What does a Neve 1073 and a Behringer ADA-8000 Have in common?
Not a lot. Unless of course you are like me and decide to transplant some Neve soul into an ADA-8000. I have this Behringer ADA-8000 with a burned out power supply anyway … time to experiment!
You are looking at the main section of the Behringer ADA-8000. The red arrow points to the shorting/burned out capacitor that destroyed the transformer. After ordering a new transformer and getting everything to work, I started to tinker.
In the picture you can see the power supply and the SPDIF to ADAT I/O chips (the Alesis Semiconductor AL1402 ADAT optical decoder and AL1401A ADAT optical encoder – no. 1 and 2 are on left). The clock circuitry is also nearby. One chip is for multiplexing 4 stereo SPDIF channels into a single ADAT out, and the other operates in reverse, taking a single ADAT Channel and splitting it into 4 stereo SPDIF outs. These are then connected to the actual D/A and A/D converters.
First I thought if I change the opamp on the input section I could get better performance. Wrong. The old ADA-8000 used a TL074 opamp. The new machine is much better and has a very low noise and high end opamps which are very hard to beat. At least I tried – this is my input section with a replaced opamp (the bottom right one), the bottom left one is the original. What we have here is the input opamp of 2 sections inputing into an Alesis Semiconductor AL1101 A/D converter (IC17) , it sends a stereo SPDIF signal to the control section (seen above):
So the first step really was to find the schematic, After some searching I found it here: http://www.gyraf.dk/schematics/Behringer_ada8000_analouge.PDF Thank you Gyraf Audio for another great job well done!

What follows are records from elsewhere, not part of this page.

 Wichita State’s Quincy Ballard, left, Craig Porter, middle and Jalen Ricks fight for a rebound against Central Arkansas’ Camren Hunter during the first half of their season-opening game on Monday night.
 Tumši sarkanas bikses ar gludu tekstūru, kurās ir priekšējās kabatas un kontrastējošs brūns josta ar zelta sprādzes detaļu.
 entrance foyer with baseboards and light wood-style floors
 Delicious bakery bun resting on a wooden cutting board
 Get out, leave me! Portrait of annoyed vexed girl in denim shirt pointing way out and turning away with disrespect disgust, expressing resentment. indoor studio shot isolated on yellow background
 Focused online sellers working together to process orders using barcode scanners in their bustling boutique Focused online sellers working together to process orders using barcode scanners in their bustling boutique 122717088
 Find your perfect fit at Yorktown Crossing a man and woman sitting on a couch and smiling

looking at the input section of the schematic:
I had a Sowter 9145 transformer lying around – which is equivalent to a Neve P/N 10468 and a spare NEVE BA284 board. The first thought was to bypass the input section completely and transplant the whole BA283 preamp section instead of the existing one. However exmining the existing circuit I noticed that the input section is an ultra low noise class A amplifier – it is a design that has been used in SSL consoles, monolithic preamp chips (such as the SSM2019) and a very good description of a similar preamp by DIY wiz Rod Eliott is here. This seems quite decent, so i decide to modify the input section a bit and add just transformer into the soup. Here is the modified schematic as I planned it:
The idea is to feed the fantom power via the center tap thus reducting the noise coming from the +48 supply. The also improved the balance in phantom situations. The 6k resistors are needed to load the trasformers properly, although in initial test I decided (read – lazy) to leave the original ones in place to “see if loading is sufficient”. So now I had the design, and I was ready to tackle the task of modifying the actual hardware! After much dismantling, I managed to seperate the front from the back. The front and back are seperated by cables that carry the preamplified signal to the converters. All the mods are going to run on the front end, so we might as well get to know it.

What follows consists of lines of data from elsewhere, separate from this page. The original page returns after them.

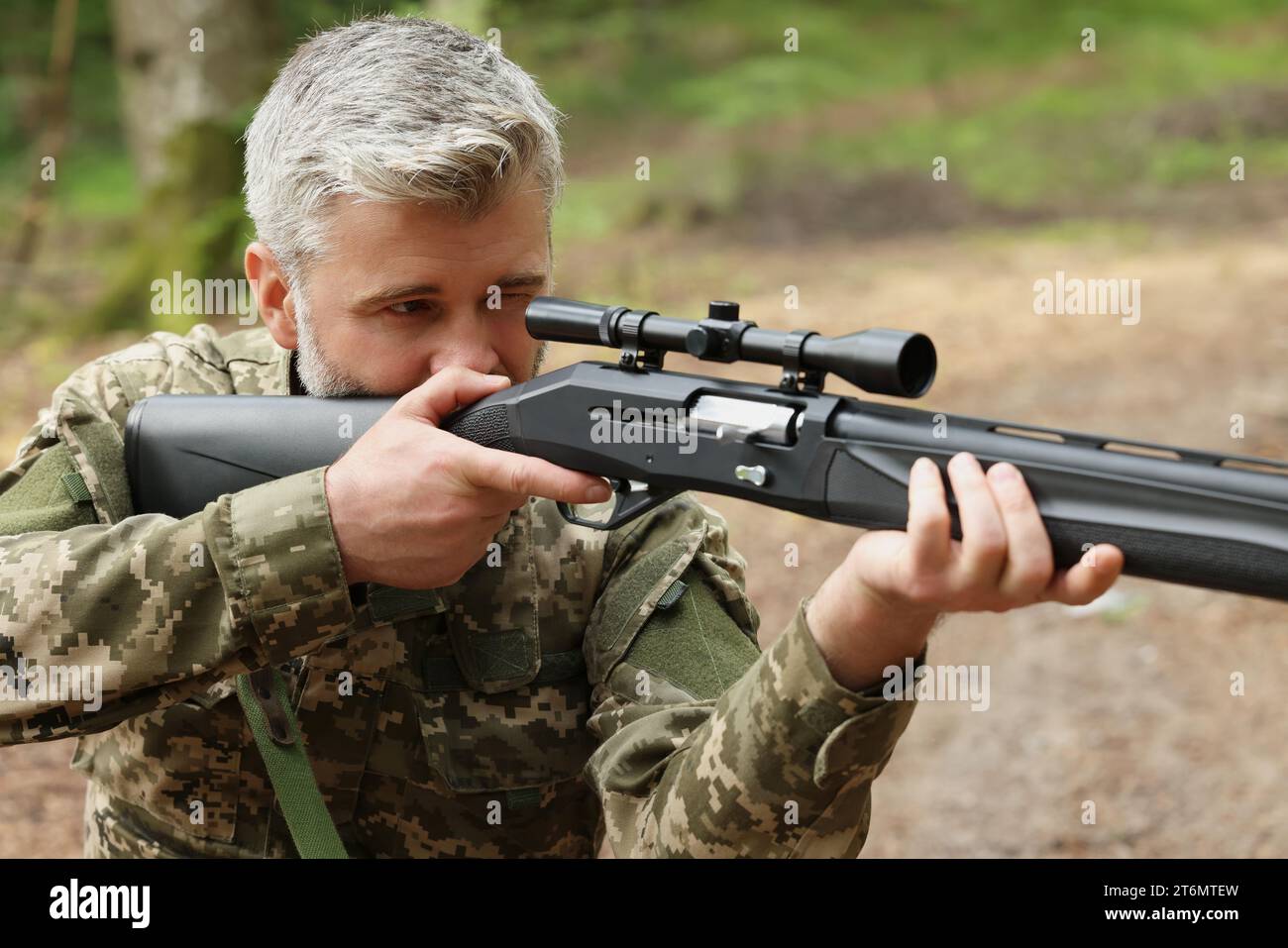 Mann, der mit Jagdgewehr im Wald zielt Stockfoto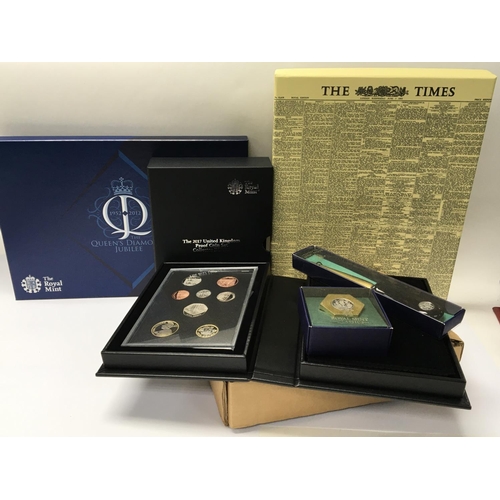 790 - A Royal Mint 2017 proof coin set a Royal Mint letter opener and desk paperweight and replica commemo... 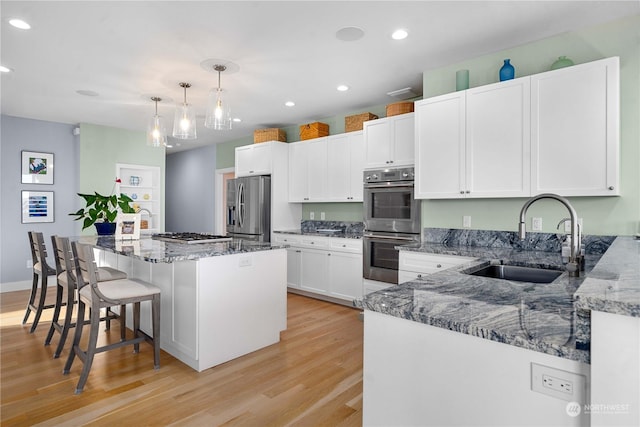 kitchen featuring pendant lighting, appliances with stainless steel finishes, a kitchen island, white cabinetry, and sink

This is the back side of the front panel. After measuring all the components – I determined which ones needed to be soldered and changed:
Here u can see the following changes: temporarily removed the XLR to allow access to the components. The caps were removed and the 6.81 resistors changed to send the 48V to the center tap of the transformer. Now the transformer is tacked on:
This is the other side of the same board. This is a fully balanced configuration and thus we ground the input center tap. Noise rejection should be very high. Tests conducted after construction revealed noise reduction by at least 20db. The output leads from the transformer go to the vacated caps inputs. The center tap is connected to the +48v input. This configuration works surprisingly well for the non-phantom power situation too, as there is a signal path to ground. OK now the reassembly:
For this project I didnt concern myself with aesthetics and chose to use electrical tape to secure the transformer to the board. The front (class A preamp) and rear board are reconnected using the connectors. Here is a view of the whole project before closing the lid and firing it up:
Ok now we need to test this thing! The nice folks at Guitar Center sold me a quality signal splitter cable that I then hooked up to the input sections. Here it is all hooked up and ready to compare the two sections:
Hey it works! The levels are a little off because I didn’t properly load the transformer to get the correct gain, also slightly worse noise figures and frequency responses. My ear cant hear 10Hz or 49.99KHz, and neither can the ADA-8000. However, pushing up the levels all the way up to 70db gain there is a 20db drop in broadband noise. A contributing factor is the fact that transformers have a much lower operation band and common mode (hum) rejection is extremely high. Still impressive and useful.
Ok now is the time to actually send in the white noise and compare the signals:
Hmmmmm… Looks the same! Does that mean that they sound the same? Not in a million years! They may have an identical frequency response but look at this null test. (A null test is combining the signals in a way that is suppose to cancel them out so you can detect the difference. In this case it was done with one signal phase inverted):
Now we see the picture! The difference between them is called phase shift. Transformers add an invisible/inaudible component to music called phase shift – for each frequency phase is shifted ever so slightly in a different direction. This is inaudible by the human ear alone. However: When we mix multiple channels together, the unexpected phase shifts mean a broader mix and less phase cancellations. An overall easier mix by far, hence: Transformer input channels are preferred by studios for better noise rejection, hum rejection and introducing musical phase shifting into the music.
I hope to get my hands soon on a real 1073 and compare the two!